A Spicey Neighborhood
By Don Rittner


There's been much talk lately about the former Little Italy section of Troy. I remember it well since I grew up there. Congress Street, Third to Fifth Avenue, partially up Ferry Street, and running south to South Troy, is the original Little Italy.

My favorite section was around Havermans Avenue, a little enclave of 3 or 4 streets nestled against Mt Ida. We walked there each day to visit Sherry Everson and her sister. You could smell garlic and sauce boiling everywhere. Little old ladies would hand you buttered Italian bread, or tomatoes, as you walked by without asking. During wintertime, our cardboard sleds, doctored with wax paper, flew down many a slope.

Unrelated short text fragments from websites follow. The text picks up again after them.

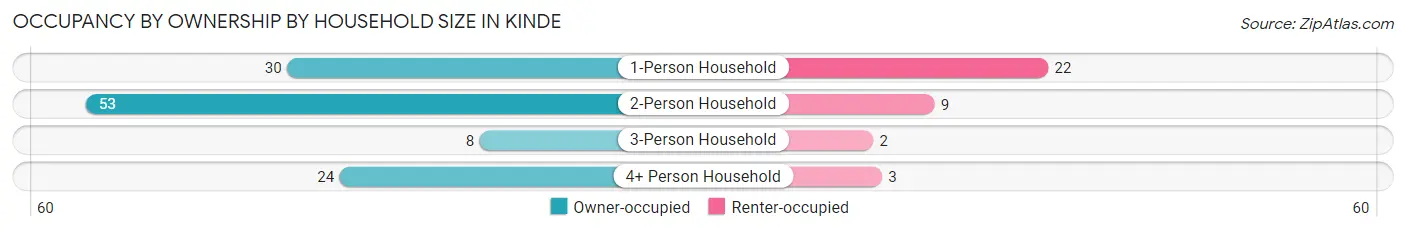 Occupancy by Ownership by Household Size in Kinde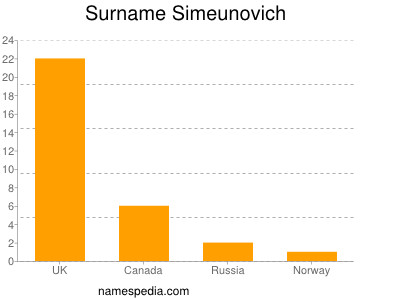 Familiennamen Simeunovich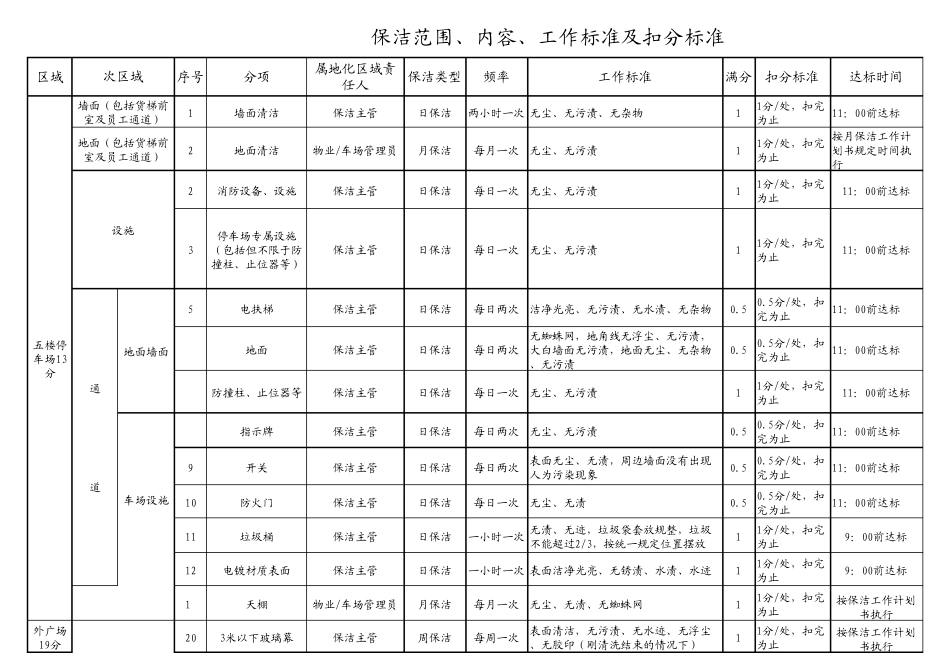 保洁标准及流程_第1页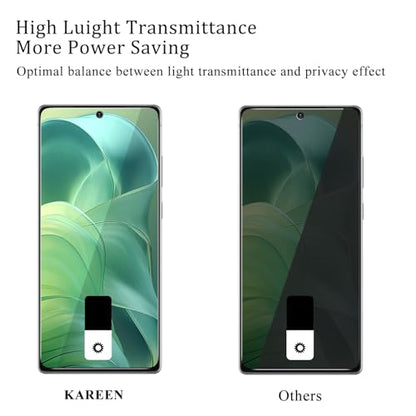 KAREEN Privacy Screen Protector for Samsung Galaxy Note 20 Tempered Glass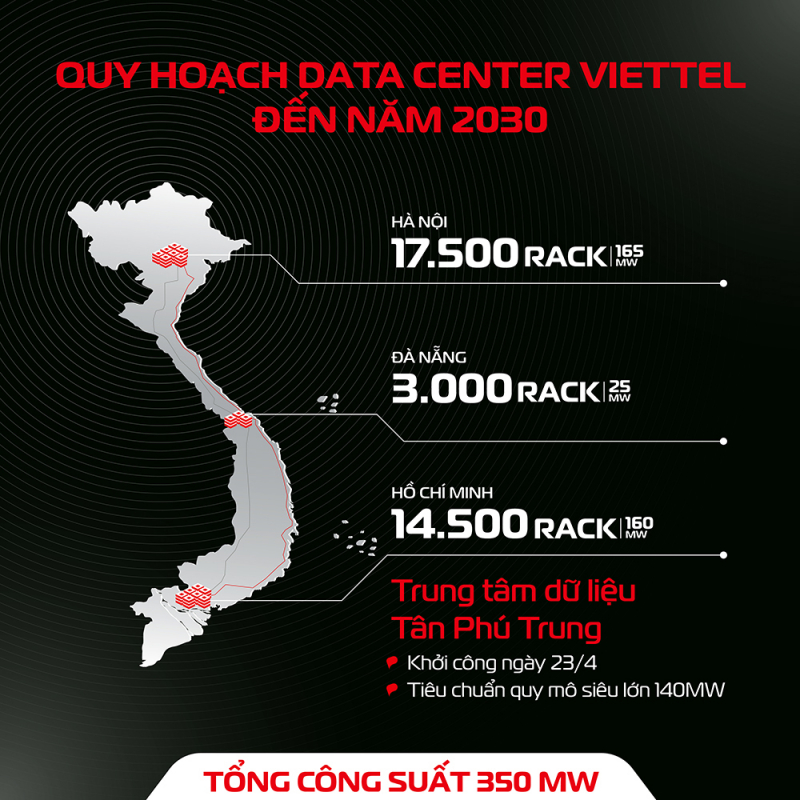 trung tam du lieu viettel tphcm 2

Living in Little Italy meant you attended catholic school. I was sentenced to St Anthony's, a small building on Fifth Avenue, across from the Stanton Brewery. I remember a proud moment when I wrote a perfect "O" in Kindergarten and showed my mother in the schoolyard. In 1956, a new school was built next to St Anthony's church at the corner of Third and State. My cousin Dave and I were altar boys there briefly. The only thing I remember about being at St. Anthony's is visiting Sister Superior once too often.

Little Italy had its own gangs, simply groups of kids from specific blocks that hung around and played together. I belonged to the 4th Street gang - several kids that lived on Fourth between Congress and Ferry, and a few we "let in." Linda Kenney, Paul Klink, Dawnie Bauer and her sister Carrie, Gary Taylor, the Jesmains (Kenny, David, and Donnie), Arum Kaprielian, and Sammy Angus, a full blood Cherokee from the King St. area. After catholic school, we attended School 5, now the county office building, tutored by Mrs. Cleary and Ms. Franklin. However, our real education was on Troy's streets.

It was a time when telephone numbers began with Ashley or Bedford, You shopped at olive-smelling grocery stores on the south side of Ferry, bought your meat and fish from Troy Pork, Lavalley's, Helmbolds, Atlantic or Fulton Fish Markets, and baked goods at Stenards. For a dime, you watched two movies and cartoon at the State Theater near the Trojan Hardware. We could always find our parents either at the Senate Tavern, Woodchucks, Parkview, or Custo's.

We all hung out at Marty DiVito's "Archway." Pete Peterson, a muscular black man, to us "Hercules," was our guardian angel. Pete had a white 57 T-Bird always parked in front. Whenever there was trouble, he would literally pick Paul and I up by the back of our necks, deposit us outside, and tell us not to come back in. After the door closed, chairs would start flying. Paul and I would bet a nickel on who would get knifed that day. I also played my first set of drums in the back room, where they had a stage and weekly performers. One trio let me sit in and I was hooked. Years later, playing drums in a rock and roll band helped me finance college.

All of us were poor but we thought that was normal since everyone was poor. In between the rumbles at the Archway, we played "1,2,3, Russian Bulldog," a form of tag in the parking lot between "Doc's Newsroom" and the Army & Navy store. Adults on the block looked out for all of us and we often heard, "I will tell your mother if you don't stop that."

Our daily traditions were eating at the Miami Lunch, Hot Dog Charlie's or the Famous (10 dogs for a buck), and Manory's for their homemade ice cream. We purchased our comic books at Doc's or Joe's Newsroom next to the Famous. They had a wooden Indian in the front. I loved Doc's because he sold "Special" magic novelties. One day I purchased these little exploding sticks and stuck them in my Mother's cigarettes. When she lit one, it blew up in her face and I couldn't stop laughing. She chased me around the house for a good 15 minutes before I made it out the door.

Not all memories are pleasant. I remember my babysitter getting stabbed at the Miami Lunch and bleed to death on the pavement. I was awakened one morning by my five-year old sister Sandy standing in front of me - on fire. I extinguished the flames with my hands, but she died a month later from complications. Sammy Angus and Donnie Jesmain also died way to young.

The remaining 4th Street gang members are doing just fine and several of them bowl together on Saturday nights. Me? I'm just trying to put this stuff on paper. Memories are all we have of the place called Little Italy.